Sramana Mitra: How do you go to market? Were you selling to companies who have WiFi networks?
Zur Feldman: In the beginning, we thought that we will be able to attract the end user because the proposition is compelling. What we found though was that people like to enjoy but they don’t really value this in money because they don’t want to pay more for connectivity and for better experience. We switched and we had a lot of thought around it. In the end, we helped cable companies and carrier companies to improve their user experience by creating visibility from the end-user perspective. At the carrier side, we provide visibility and understanding of the opportunities to improve and where the weak areas are – not necessarily on their network. It could be on somebody else’s network on WiFi.
Sramana Mitra: What ended up being your experience of bringing this to market? You did not get traction with consumers because consumers tend not to pay for any of these.

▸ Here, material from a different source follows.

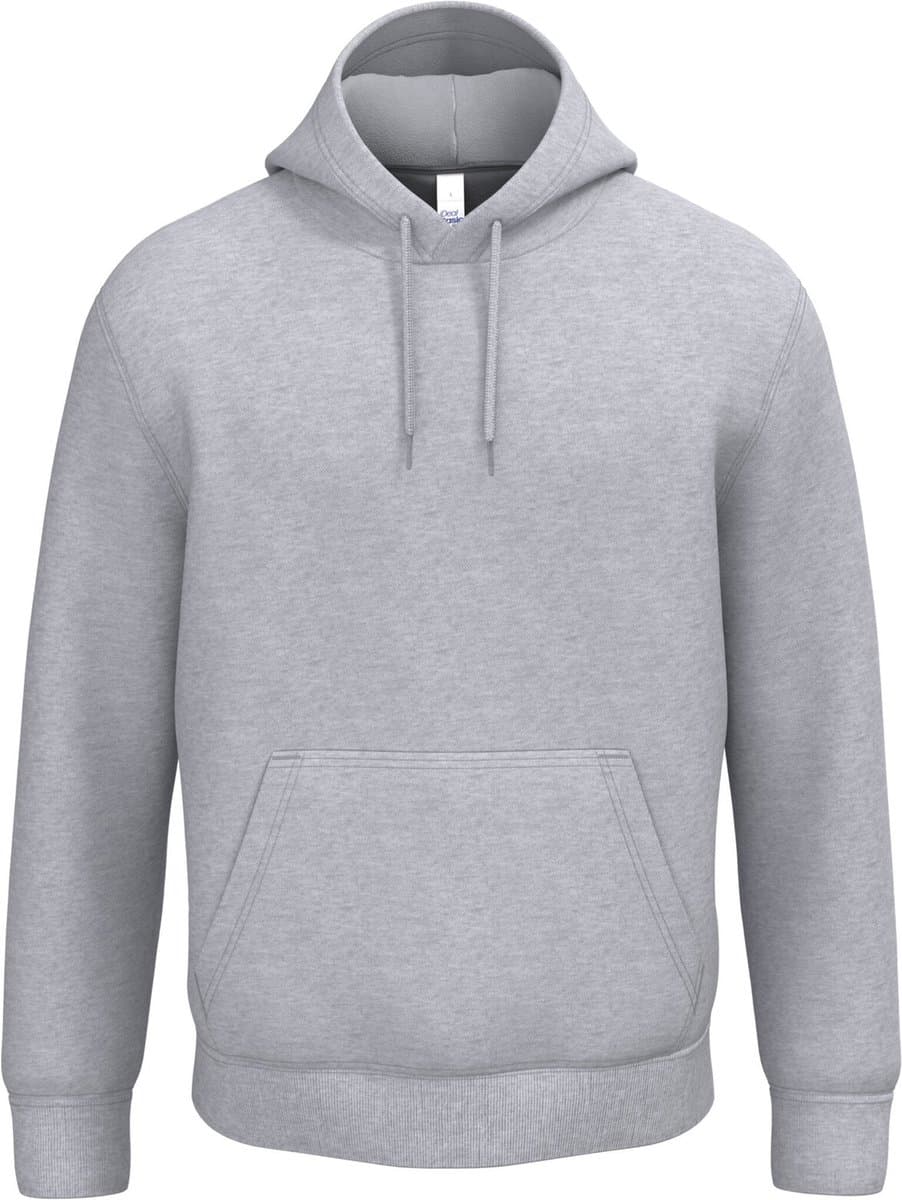 iDeal Basic Brand Uniseks sweater met capuchon IB402 - Ideal Oxford Grey - S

Zur Feldman: Actually, we did get traction. We got over 8 million. The issue was monetizing it. It was very difficult to monetize something like that because as you can see, people can download and they don’t really give a lot of financial value to any social application. The business model was not really to sell it to the consumer, but rather as a tool to get a lot of users. We realized that it would be easier for us to monetize it if we go to where we believe the pain is which is the operator or the cable companies and help them to create a better experience for the end user. Also, we helped them save money on bandwidth wherever possible and to have a better sense of where investment should go. That’s what we’re doing today. That’s how we monetize it.
Sramana Mitra: Tell me a bit more about how you price this for carriers?

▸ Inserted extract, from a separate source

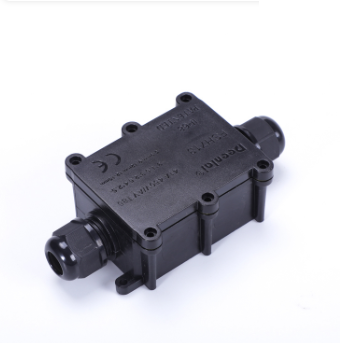 Deenlai 2P/3P/4P Small Plastic PC  IP68 Waterproof Electrical Junction Box 713 with Terminal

Zur Feldman: The business model is relatively simple. It’s licensing and peer activation. When a carrier deploys this solution, it goes by how many users are actually on this specific application and how many of them are active. That’s one business model. The other business model is your ability to show the effectiveness of intelligent offloading – meaning that people are actually getting off the existing network to some better alternative, like WiFi. Those are the two business models for cable and carrier companies.